Earlier this month, I travelled to Delaware for a family event.
Before the event, I had been trying to open a business bank account for an LLC I incorporated in Delaware several year ago. I intended the LLC to be a placeholder for any future business I might start.
I decided to open an LLC in Delaware because it has a business-friendly legal climate, and its annual business franchise fee of $250 was a fraction of California’s $800.
This year, I finally generated income from my business and decided to open a bank account in California to safeguard it.
Talk about being naive.
I registered my Delaware-headquartered business in California, which took two months. Just when I thought I was ready to open an account, I next had to apply for a California business license. The state estimated that the time to complete this process would be four months.
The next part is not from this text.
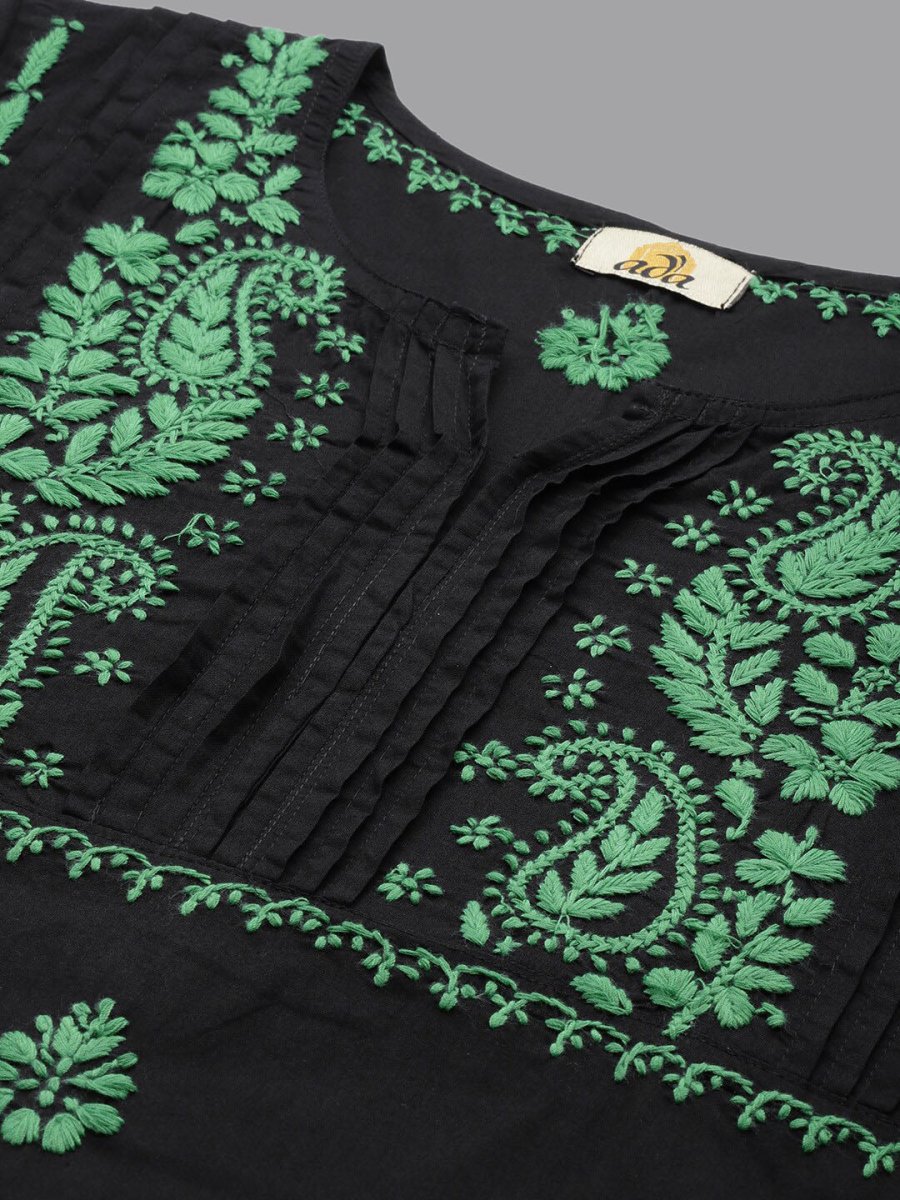 ADA Ethnic Motifs Embroidered Chikankari Cotton Straight Kurta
Frustrated that my check would no longer be valid by the time California’s labyrinthine bureaucracy stamped my paperwork, I decided to see if I could simply open a business account in Delaware.
The catch: I needed a business license.
So I went online, filled out a form in less than 3 minutes, and the state of Delaware granted me a temporary business license online.
I opened a bank account in Delaware the following day.
It costs $85 and takes four months to get a business license in California. In Delaware, it costs $43.50 and takes three minutes.
In the end, it is California’s economy that suffers. A California credit union lost my business to a Delaware one solely because Delaware’s government ran a process that was over 57,000 times more efficient, but cost half as much.